For my first blog with Peach State Lawyers, I’ll address trials in federal court. Because every client is cloaked in a presumption of innocence, I start with the view that the government has made an error in charging my client. My concern is based on my experience – the last three cases I tried in federal court resulted in acquittals for all or the most serious charges. The three trials resulted in acquittals for 1) murder and a gun possession charge, 2) two counts of attempted murder and a parallel gun possession charge for each count, and 3) four counts alleging the production of child pornography.

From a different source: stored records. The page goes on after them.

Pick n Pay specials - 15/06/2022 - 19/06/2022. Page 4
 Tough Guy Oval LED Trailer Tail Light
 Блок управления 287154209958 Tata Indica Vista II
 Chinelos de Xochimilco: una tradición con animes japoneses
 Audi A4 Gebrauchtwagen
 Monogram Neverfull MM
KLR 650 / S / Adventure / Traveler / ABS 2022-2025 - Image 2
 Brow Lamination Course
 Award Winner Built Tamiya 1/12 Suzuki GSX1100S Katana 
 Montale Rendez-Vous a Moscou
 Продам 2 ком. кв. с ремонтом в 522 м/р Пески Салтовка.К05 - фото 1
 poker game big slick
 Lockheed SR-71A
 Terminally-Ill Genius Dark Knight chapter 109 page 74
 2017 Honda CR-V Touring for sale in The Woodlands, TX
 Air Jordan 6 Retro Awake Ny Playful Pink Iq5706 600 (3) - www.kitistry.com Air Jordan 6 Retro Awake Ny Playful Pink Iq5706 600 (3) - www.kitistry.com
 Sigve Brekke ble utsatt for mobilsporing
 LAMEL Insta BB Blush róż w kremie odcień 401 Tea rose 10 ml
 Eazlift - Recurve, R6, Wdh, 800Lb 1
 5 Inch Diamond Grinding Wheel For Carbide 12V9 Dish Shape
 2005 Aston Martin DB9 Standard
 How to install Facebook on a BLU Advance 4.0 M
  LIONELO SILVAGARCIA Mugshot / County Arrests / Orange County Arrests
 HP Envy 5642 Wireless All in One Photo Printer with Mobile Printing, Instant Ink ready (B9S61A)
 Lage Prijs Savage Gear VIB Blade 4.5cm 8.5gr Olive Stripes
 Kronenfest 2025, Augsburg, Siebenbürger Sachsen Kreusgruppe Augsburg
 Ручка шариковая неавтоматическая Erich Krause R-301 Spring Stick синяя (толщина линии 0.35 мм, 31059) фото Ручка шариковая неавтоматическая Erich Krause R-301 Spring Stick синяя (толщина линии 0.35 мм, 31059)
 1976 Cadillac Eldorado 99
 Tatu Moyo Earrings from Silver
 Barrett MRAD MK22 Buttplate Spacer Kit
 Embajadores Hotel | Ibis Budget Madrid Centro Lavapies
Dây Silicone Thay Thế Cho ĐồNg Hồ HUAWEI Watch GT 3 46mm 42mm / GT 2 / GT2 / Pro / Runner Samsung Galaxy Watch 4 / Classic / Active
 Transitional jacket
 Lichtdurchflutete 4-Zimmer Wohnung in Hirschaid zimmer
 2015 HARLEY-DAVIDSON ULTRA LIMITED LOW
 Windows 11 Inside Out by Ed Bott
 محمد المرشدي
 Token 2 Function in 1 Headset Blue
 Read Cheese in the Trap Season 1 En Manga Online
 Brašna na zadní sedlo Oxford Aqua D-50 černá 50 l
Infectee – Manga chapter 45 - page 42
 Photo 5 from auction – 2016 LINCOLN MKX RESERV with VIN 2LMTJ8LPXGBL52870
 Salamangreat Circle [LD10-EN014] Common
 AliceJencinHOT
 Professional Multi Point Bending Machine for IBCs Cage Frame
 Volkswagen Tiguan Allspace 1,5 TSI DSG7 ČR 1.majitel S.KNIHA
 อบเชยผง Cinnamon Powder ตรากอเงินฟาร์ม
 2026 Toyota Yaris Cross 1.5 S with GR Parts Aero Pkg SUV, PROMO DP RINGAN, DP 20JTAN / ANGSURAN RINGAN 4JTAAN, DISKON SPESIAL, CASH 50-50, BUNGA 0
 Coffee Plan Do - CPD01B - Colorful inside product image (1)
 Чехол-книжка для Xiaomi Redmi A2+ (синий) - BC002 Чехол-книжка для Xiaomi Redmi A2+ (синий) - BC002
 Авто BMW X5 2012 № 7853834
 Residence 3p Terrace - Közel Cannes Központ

All three clients knew they were innocent of these charges and told me they wished to go to trial. After evaluating the government’s cases, I agreed with them and prepared for trial. The murder acquittal is an example of how we defend serious charges. In this case, we had more than a mere attack on the credibility of the government’s witnesses, we put up a case for innocence that was stronger than the federal government’s case. Together with my investigator, we discovered the person who committed the murder. We found witnesses who saw the murder and they were more credible than the “snitches” who testified with hopes of getting themselves out of trouble.

Not every case is appropriate for trial. However, a skilled attorney advises a client whether the case is triable.

When searching for an attorney in federal court, ask direct questions such as:
• How many cases have you handled in the courthouse where my case will be heard?
• How many trials have you represented a client as first chair (not as an assistant)?
• What were the outcomes of the cases you tried?

If an attorney tells you of terrific outcomes, ask to see proof. It is your duty as a person defending his freedom to find out which attorneys are marketing geniuses and which are skilled trial attorneys (some are both). The attorney focused on marketing may not have the skills to represent you in court. Even if the case is not a case that should be tried, you do not want an attorney negotiating for you who has a reputation of avoiding trials. You want an attorney who brings credibility to the table! After all, this may be the most important decision you make.